The so-called “Mayor of Bay Ridge” left a neighborhood forever changed and scores of locals who will not forget him, a friend of 45 years said.
“All of the civic work he did — that was a spirit that he helped bring and preserve here,” said titan of Third Avenue Chuck Otey. “Nobody wants to see that kind of volunteerism and community involvement fade, so I’ll tell you that we won’t let Larry go — we will remember him.”

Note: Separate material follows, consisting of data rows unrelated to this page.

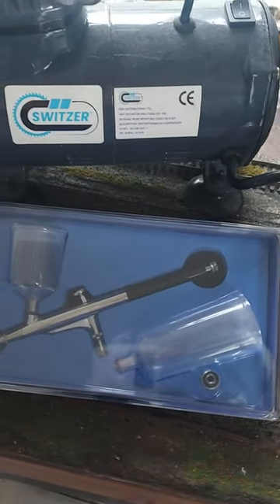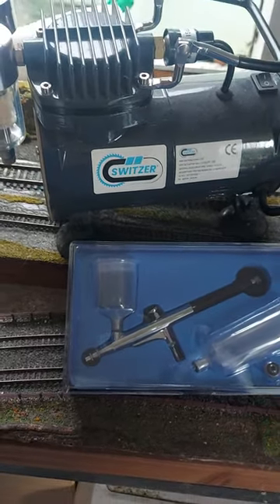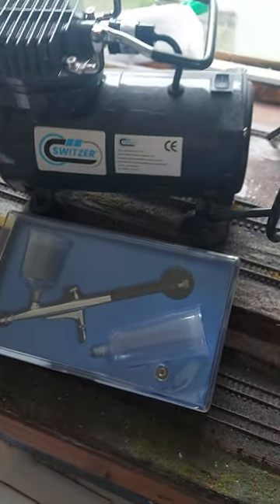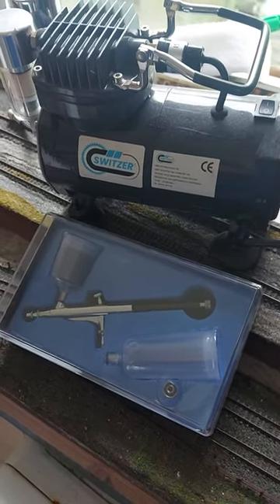If you're not sure that airbrushing is for you, don't waste tons of money — buy a starter set or borrow a set from a friend. You could do a lot worse than this Switzer starter set. I think it cost us less than 80 pounds at the time of purchase, and I believe they're still available — check it out.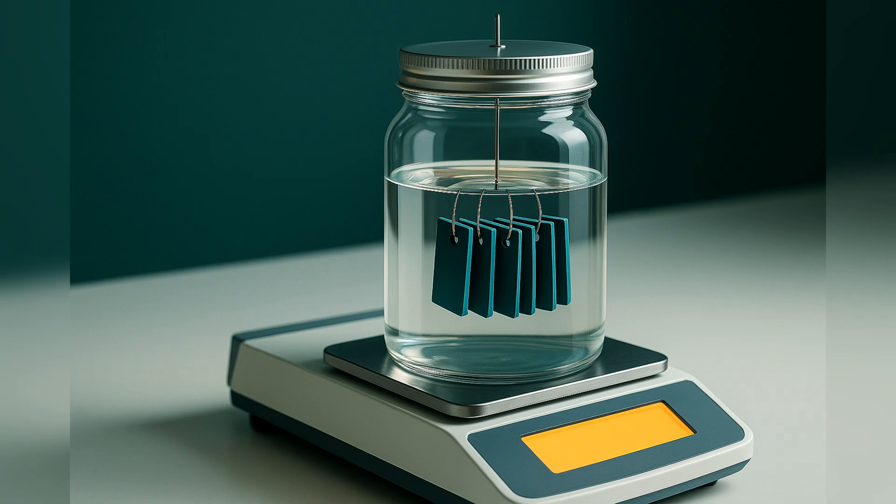You leave the sample in the solvent, usually at room temperature, for a set time — often 24 or 48 hours. During that time, the solvent diffuses into the rubber and the sample expands. At the end, you take it out, blot the surface quickly, and weigh it again. Now you have two numbers: the dry weight and the swollen weight. The difference tells you how much solvent has been absorbed. You can also measure the dimensions before and after if you want volume changes.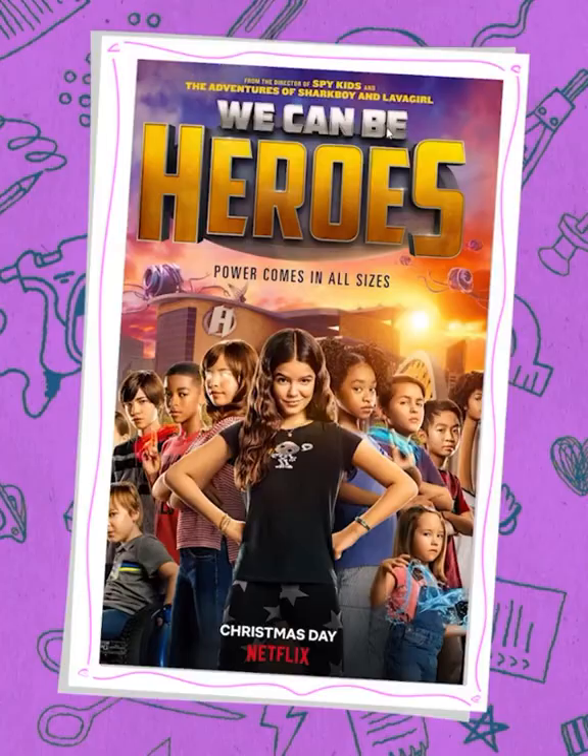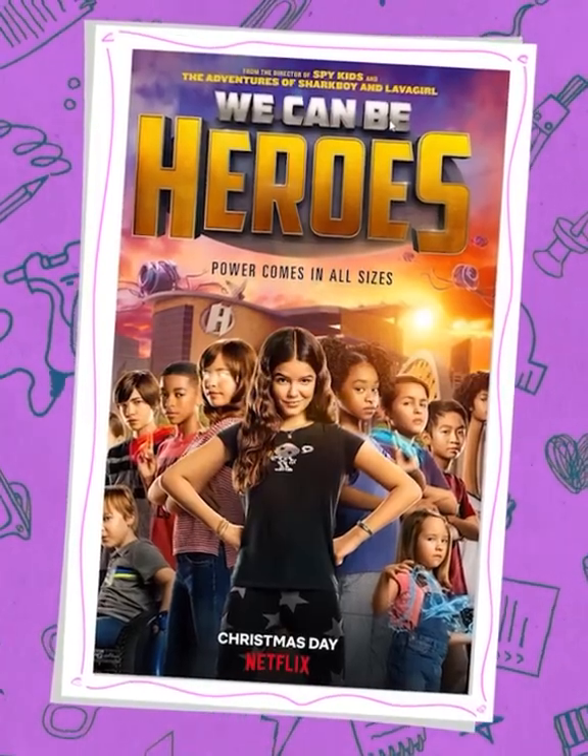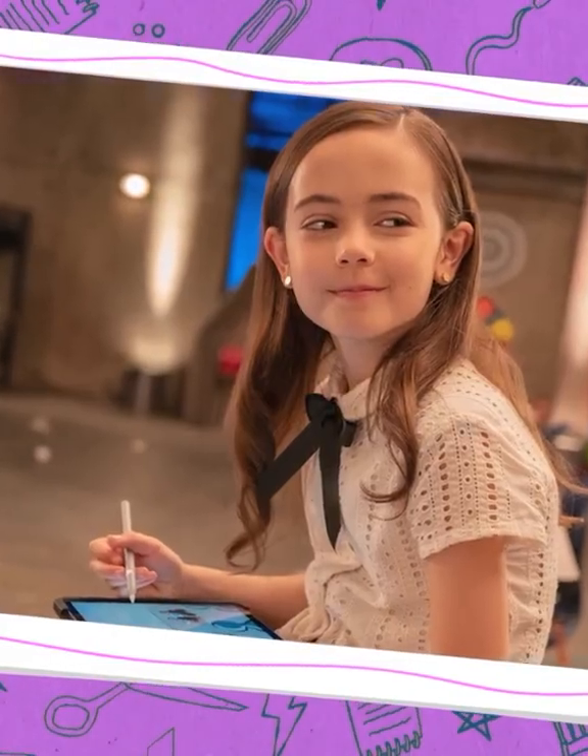I just watched Netflix's new film, We Can Be Heroes, and I can't recommend it enough. My favorite character from the film was Ojo. She has the powers to draw the future. What if I could draw the future?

Morrish, graduated Fort Hamilton High School and wasted no time embedding himself in local issues — in 1974 he helped found the Bay Ridge Ambulance Volunteer Organization at a time when the city’s emergency responders were stretched too thin to effectively serve residents. It is now the state’s largest volunteer service and a favorite volunteer outlet for local activists.
He also helped found the Saint Patrick’s Day Parade in 1990s and the Bay Ridge Unity Task Force to promote interfaith peace following the 9-11 attacks. He was a regular among local civic associations and community board meetings, and a day rarely passed when Moorish could not be seen talking with neighbors on a Fifth Avenue bench near his home, one local official said.
It was his do-more, hands-on approach to community-building that warmed his widow Phillippa to him when they first met in 1995. Morrish called it an early night on their first date, because he and some friends were waking up early the next day to clean up Owls Head Park. Phillippa almost did not believe it, but she saw for herself the next morning, she said.
“When I saw them there, I said to myself, ‘This is a man with a heart,’ ” Philippa said. “That more than anything was what drew me to him — the largeness of heart.”
Moorish had a reputation among local pols as a straight-shooting activist who would work with or campaign for anyone on both sides of the proverbial aisle if it benefitted his neighbors. A score of federal, state, and city officials lauded Morrish’s wide body of civic work following news of his death on Monday, many calling him the epitome of a community activist. A former congresswoman remembered how Morrish “adopted” her during her 1990 campaign and always kept spirits high with his can-do attitude.
“He approached life with a sunny side and a joke, and for people who were privileged enough to know him, he had a very serious and responsible side — that’s why he was such an asset,” said former Rep. Susan Molinari. “He was the heart and soul. He was really the No. 1 cheerleader for Bay Ridge.”
Morrish died of an short-term illness caused by an intestinal issue. He is survived by his wife, brother, a niece, two nephews, and a sister. The family has not finalized funeral arrangements.